── Source material ──

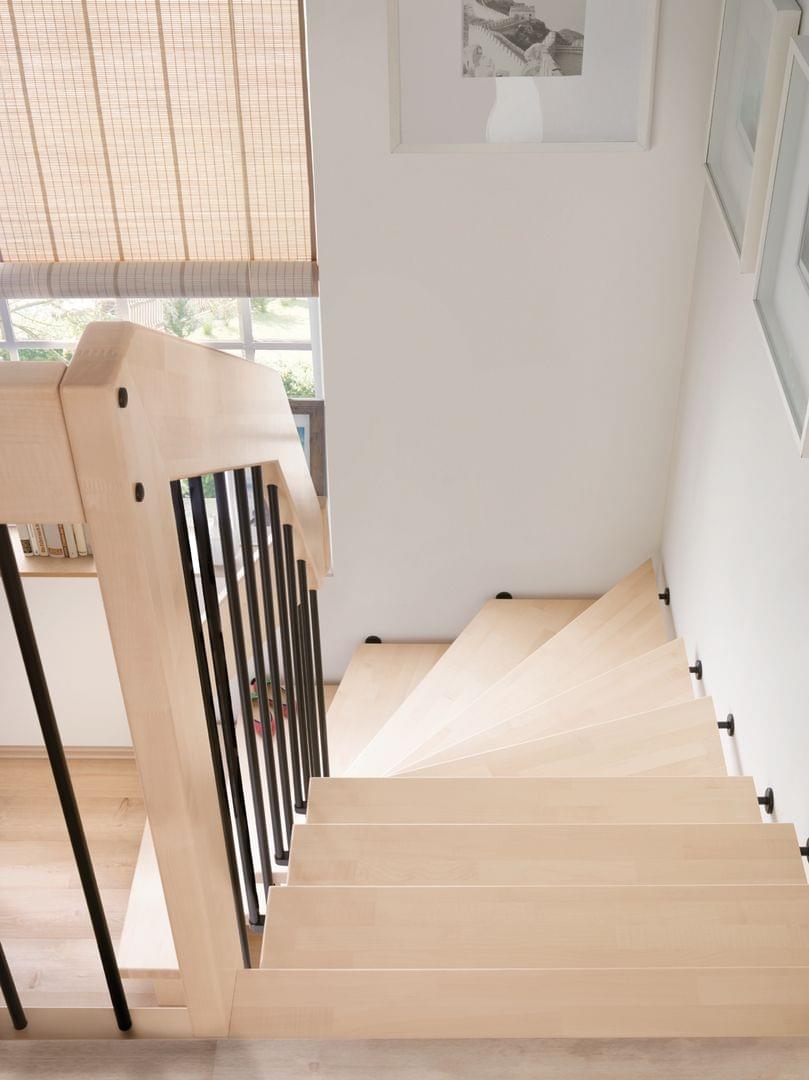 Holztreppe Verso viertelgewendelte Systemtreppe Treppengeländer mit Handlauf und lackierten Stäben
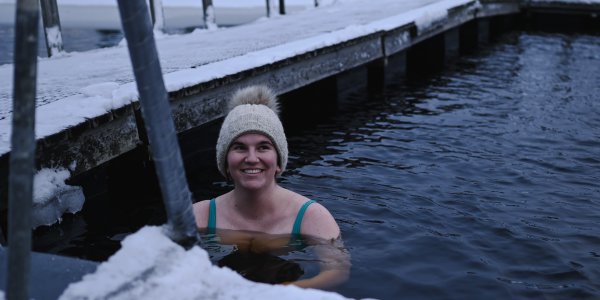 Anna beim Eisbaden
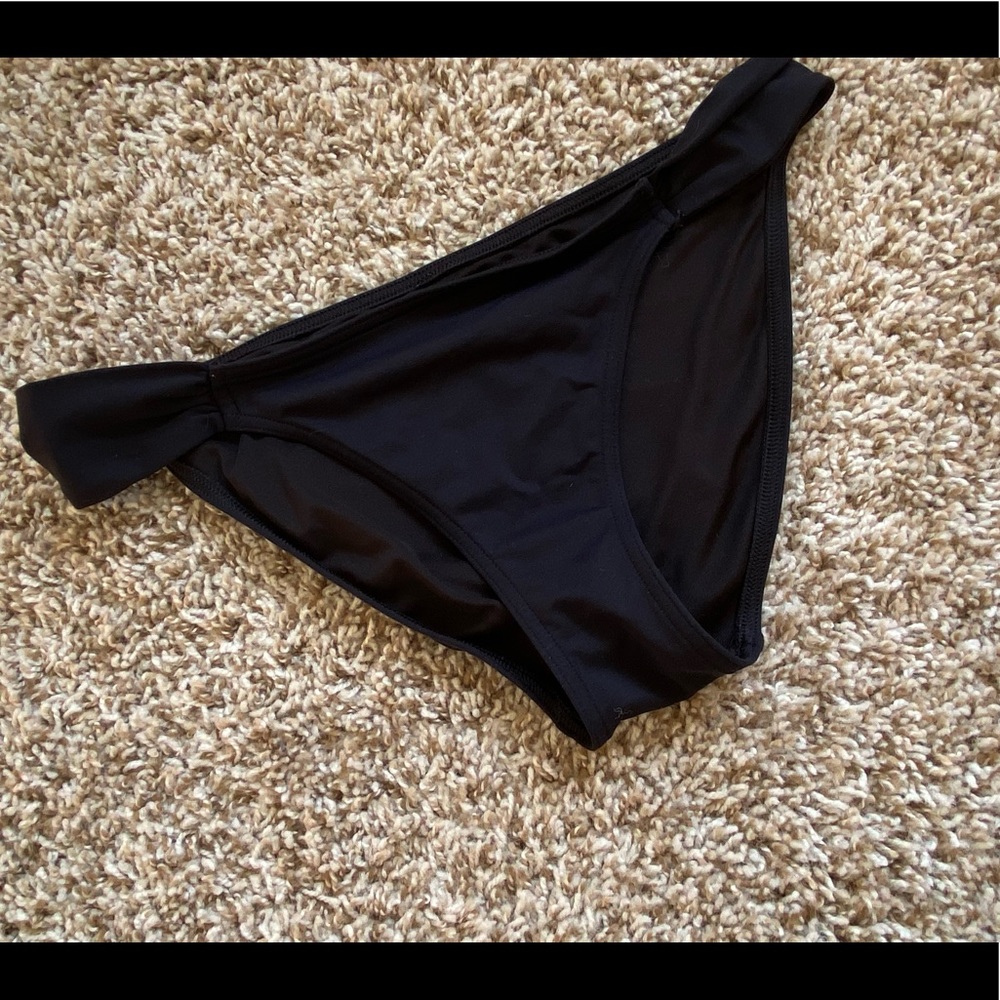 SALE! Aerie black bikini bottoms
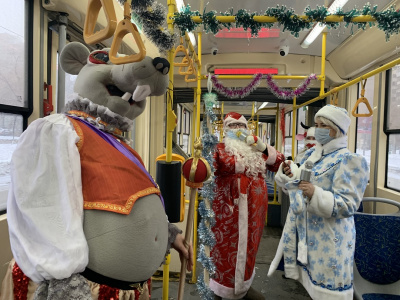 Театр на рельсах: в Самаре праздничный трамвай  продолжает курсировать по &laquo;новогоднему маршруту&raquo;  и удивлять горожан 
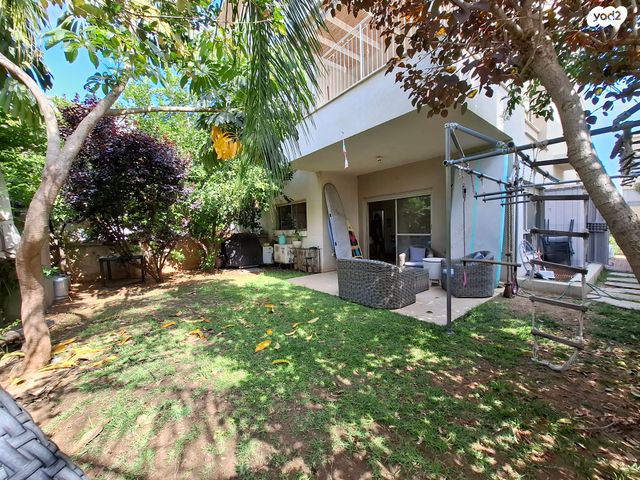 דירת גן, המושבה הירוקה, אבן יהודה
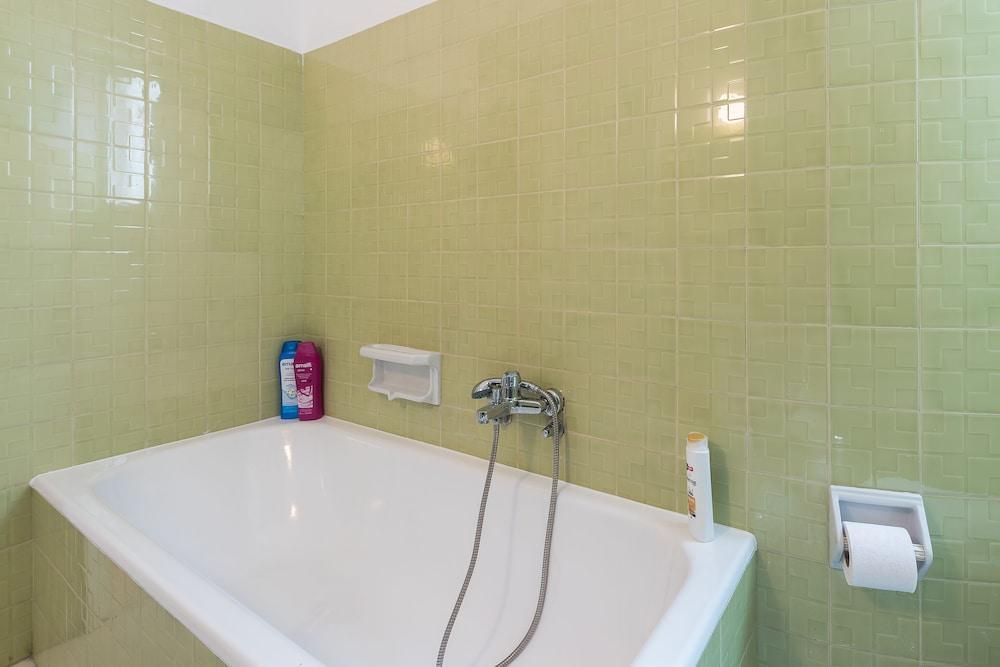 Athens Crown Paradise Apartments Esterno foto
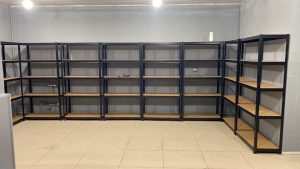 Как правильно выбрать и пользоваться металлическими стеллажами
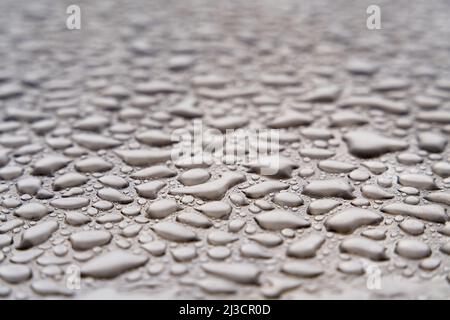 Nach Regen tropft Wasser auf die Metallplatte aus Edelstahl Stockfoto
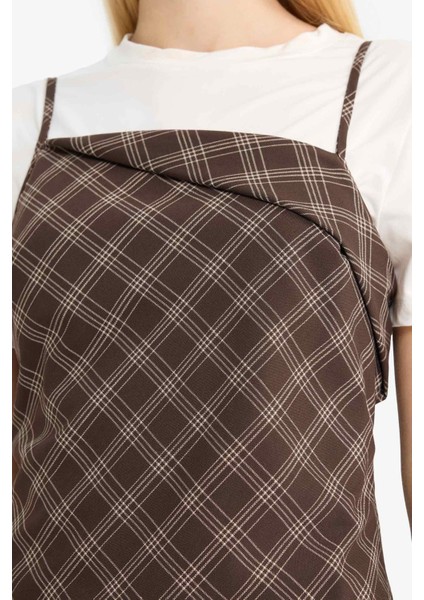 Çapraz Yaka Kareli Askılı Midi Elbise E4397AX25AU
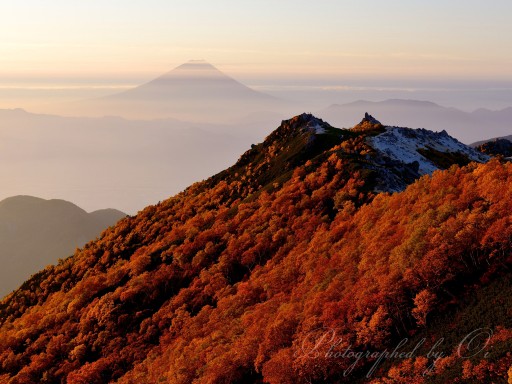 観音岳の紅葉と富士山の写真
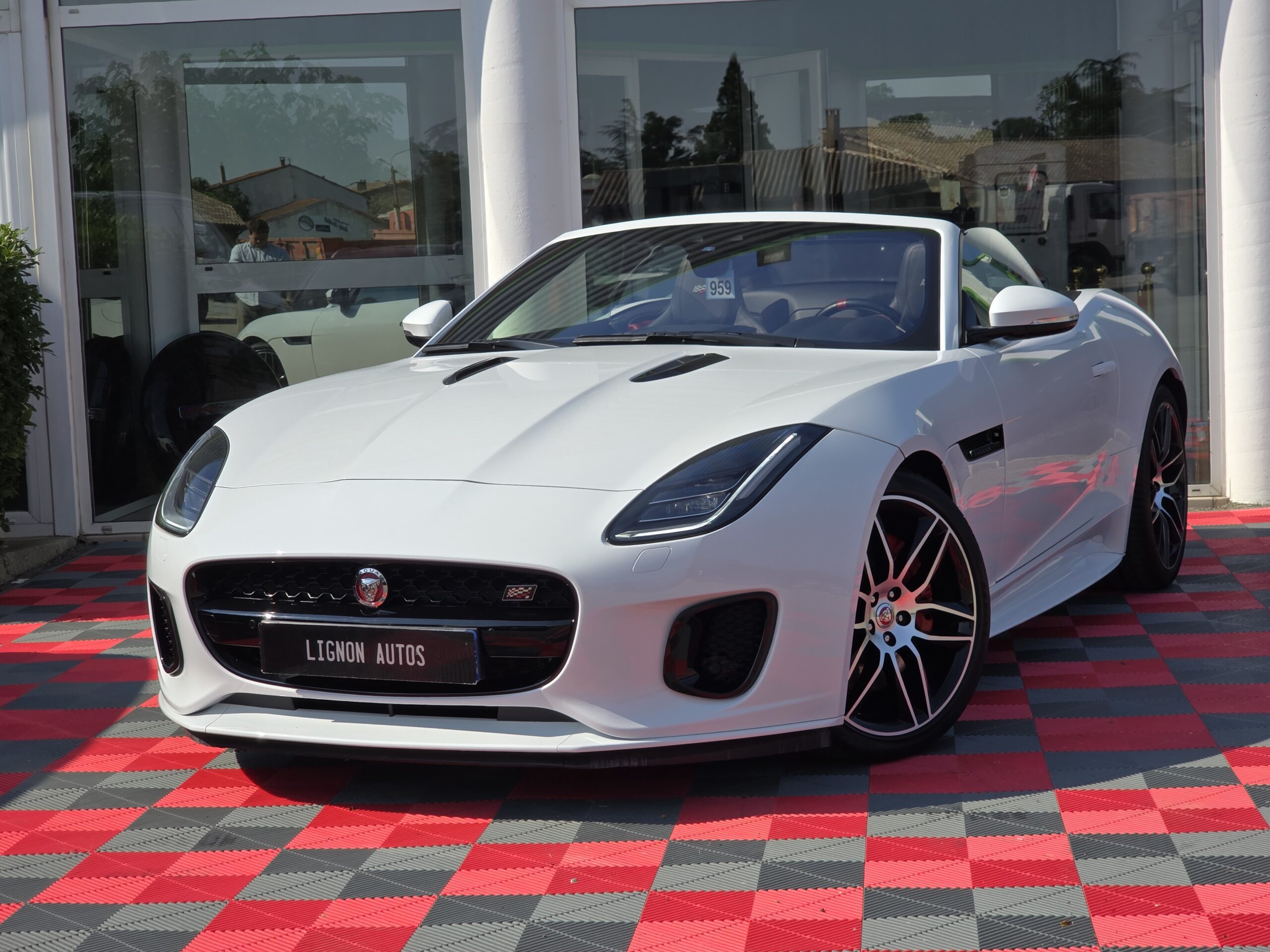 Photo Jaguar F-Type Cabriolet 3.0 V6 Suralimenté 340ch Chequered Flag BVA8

───

■ **Instructions to follow**
Which lines run from the one containing "Çapraz Yaka Kareli" to the end of the data above? Set down those lines exactly, and only those, without any pictures.

■ **Task solution**
 Çapraz Yaka Kareli Askılı Midi Elbise E4397AX25AU
 観音岳の紅葉と富士山の写真
 Photo Jaguar F-Type Cabriolet 3.0 V6 Suralimenté 340ch Chequered Flag BVA8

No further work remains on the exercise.